Data da ricordare quella del 23 maggio. Nell’ormai lontano 1992 venne assassinato Giovanni Falcone, uomo e magistrato esemplare. Vittima della mafia, Falcone incarnò il senso della legalità in una Italia collusa dalla malavita.
Con il suo ben pensare e buon agire, Giovanni seminò paura nel mondo dell’illegalità e della violenza. La sua esemplarità divenne il nemico da combattere. Comunicatore coi fatti, Giovanni Falcone pur consapevole di rischiare la vita, perseguì l’intento di abbattere la violenta collusione della malavita.
Onestà, determinazione e coraggio hanno contraddistinto questo magistrato che ha indagato per “mettere le manette” al potere corrotto. Avversato dalla politica negli anni in cui cercava di riportare nel Paese la giustizia, con la sua vita la vittima di Capaci, è diventata esempio luminoso per tutti.
Giovanni Falcone, palermitano di nascita, classe 1939, conosceva bene i meccanismi ipocriti e perversi del potere. Era cresciuto in una terra logorata dalla violenza e dai soprusi e voleva a tutti i costi riscattarla dalla cattiva fama ormai costruita intorno ad essa.
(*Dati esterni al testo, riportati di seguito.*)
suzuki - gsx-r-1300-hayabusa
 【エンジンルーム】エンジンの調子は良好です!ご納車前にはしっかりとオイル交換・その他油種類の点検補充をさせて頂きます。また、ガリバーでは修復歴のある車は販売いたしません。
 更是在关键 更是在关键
Diplomato al liceo classico, dopo una breve esperienza presso l’Accademia navale di Livorno, Falcone decise di tornare nella città natale per iscriversi alla Facoltà di Giurisprudenza e consegue la laurea nel 1961. Il concorso in magistratura gli permise di realizzare il sogno di smascherare l’illegalità.
Fu l’operato di Gaetano Costa, procuratore ucciso per aver chiesto alla magistratura la firma di molti ordini di cattura contro la criminalità statunitense, a ispirare l’attività di Giovanni Falcone, che avvertì l’esigenza di perseguire i reati e le attività di ordine mafioso. Falcone avviò indagini patrimoniali e bancarie (anche oltre oceano), ricostruendo un quadro complessivo di una “raffica di assoluzioni” illecite di uomini collusi.
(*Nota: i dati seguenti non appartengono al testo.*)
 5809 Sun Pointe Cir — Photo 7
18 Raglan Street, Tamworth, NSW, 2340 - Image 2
Il “pool antimafia” di Falcone e del suo collega-amico Paolo Borsellino, iniziò a far molto rumore nella politica italiana. Falcone accolse l’invito del vice-presidente del Consiglio dei ministri, Claudio Martelli, che aveva assunto l’interim del Ministero di grazia e giustizia, a dirigere gli Affari penali del ministero. Si aprì così dal marzo 1991 un periodo caratterizzato da una attività intensa nella lotta contro il crimine.
Falcone rese funzionanti i rapporti tra pubblico ministero e polizia giudiziaria. Divenuto procuratore nazionale antimafia, egli dichiarava: “Io Credo che il procuratore nazionale antimafia abbia il compito principale di rendere effettivo il coordinamento delle indagini, di garantire la funzionalità della polizia giudiziaria e di assicurare la completezza e la tempestività delle investigazioni. Ritengo che questo dovrebbe essere un organismo di supporto e di sostegno per l’attività investigativa che va svolta esclusivamente dalle procure distrettuali antimafia”.
La propositività di Giovanni spaventò e minò la serenità della “cattiva politica” decisa di eliminare dalla radice il problema della lotta all’illegalità. Il 23 maggio 1992, alle 17 e 56, all’altezza del paese siciliano di Capaci, cinquecento chili di tritolo fecero saltare in aria l’auto su cui viaggiava il giudice Giovanni Falcone, accompagnato dalla moglie Francesca Morvillo e da tre uomini della scorta, Antonio Montinaro, Rocco Di Cillo e Vito Schifani.
Due mesi dopo cadde sotto i colpi della mafia anche Paolo Borsellino, ucciso da un’autobomba a Palermo in via D’Amelio. Falcone fu messo a tacere definitivamente. Era troppo ingombrante per essere un uomo normale che in qualità di giudice voleva lottare in prima persona per tutelare il bene comune e liberare la società dai pericoli della mafia. Giovanni è un padre della patria, simbolo della speranza delle generazioni che devono credere in una politica del dovere a tutela del prossimo e non a danno di quest’ultimo.